Il Giappone rompe un tabu’ e fissa l’obiettivo di chiusura dei suoi reattori nucleari nell’arco di circa 30 anni, optando per un forte cambiamento strategico a 18 mesi dal disastro della crisi atomica di Fukushima del 2011.
Le nuove linee energetiche nazionali, approvate oggi dalla riunione voluta dal premier Yoshihiko Noda, hanno recepito ‘una strategia flessibile: una linea di partenza e’ stata tracciata e anche se e’ difficile, non possiamo rimandare i compiti’, ha spiegato Noda sul passaggio verso le fonti rinnovabili, mentre fuori dal suo ufficio erano gia’ pronte le consuete proteste anti-nucleare del venerdi’. ‘Non possiamo non avere presente lo scenario economico’ visti gli investimenti richiesti, ‘anche se deve essere chiaro che il nostro obiettivo e’ l’uscita’.

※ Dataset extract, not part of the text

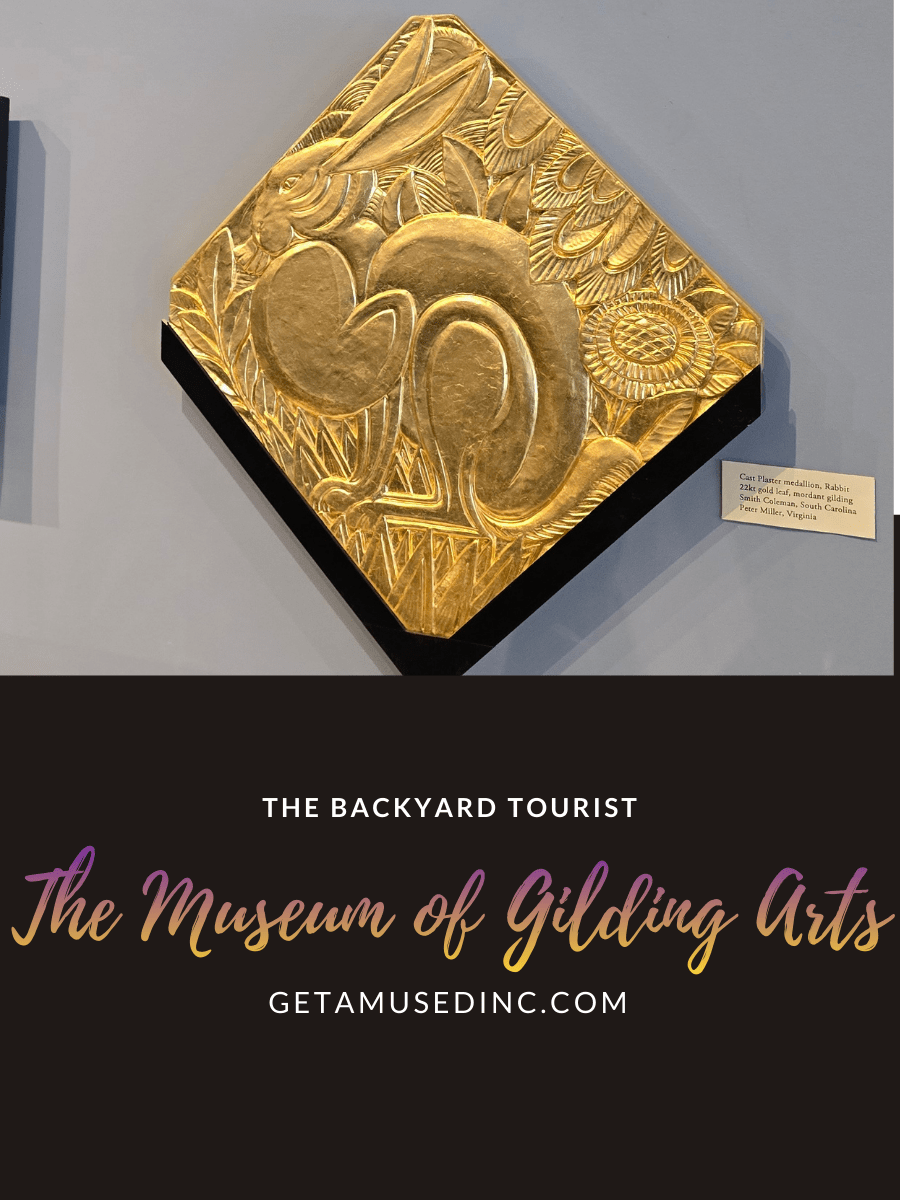 Gold on the Mother Road: The Museum of the Gilding Arts in Pontiac,&nbsp;Illinois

Sulla via nipponica di addio all’atomo, il ministro per le Politiche nazionali Motohisa Furukawa ha notato ‘che proveremo ad arrivare a zero in uno scenario incerto’ quanto a tecnologie realmente alternative. Tuttavia, ‘pensate – ha detto ai giornalisti – a internet 20 anni fa e a cosa e oggi’.
I problemi hanno una duplice natura, pratica e strategica. Prima di Fukushima, la terza economia al mondo generava il 30% del fabbisogno elettrico dall’atomo e puntava a superare il 50% entro il 2030. Per compensare un taglio corposo e contenere il balzo dei costi con i combustibili fossili, il ministro dell’ Ambiente, Goshi Hosono, aveva ipotizzato l’aumento di 6 volte della capacita’ di generazione da 4 categorie rinnovabili al 2030, investendo miliardi di euro. Sufficienti, a coprire solo il 16-17% totale, secondo alcuni esperti. Il governo attuera’ tutte le misure possibili per portare la produzione nucleare a zero negli anni 2030, seguendo pero’ tre principi: no a nuovi reattori, smantellamento di quelli con piu’ di 40 anni di vita, riavvio delle unita’ che hanno superato i test di sicurezza dell’Authority di settore.
Il secondo aspetto e’ di natura strategica e si collega ai rapporti con gli Usa. Il Giappone e’ l’unico paese senza ordigni atomici ad avere un accordo con Washington (negato alla Corea del Sud) sul ciclo di riprocessamento e arricchimento: controlla tutta la filiera del combustibile usato per fini civili e, in linea di principio, anche per applicazioni militari. E’ un fattore di forte deterrenza, senza contare tutta l’ esperienza tecnologica e scientifica accumulata, per un Paese con vicini imprevedibili (Corea del Nord) e militarmente attivi (Cina). Tokyo ha detto che Rokkasho, la struttura di riprocessamento nella prefettura di Aomori, lavorera’ ancora le barre esauste, ma il ruolo appare inevitabilmente destinato a ridimensionarsi. Il Giappone, terzo paese al mondo per numero di reattori (50 di cui due in funzione) si aggiunge – pur con il lungo percorso a ostacoli – alla lista di Stati che hanno optato per scelte drastiche, come la Germania (stop alle 17 unita’ entro il 2022) e la Svizzera, che vuole chiudere i 5 reattori entro il 2034. La percezione popolare, dopo la peggiore crisi da Cernobyl, e’ cambiata verso il nucleare, con il movimento anti-atomo in netta crescita a livello nazionale. E le decine di migliaia di manifestanti fuori ai palazzi del potere di Tokyo lo hanno confermato anche oggi.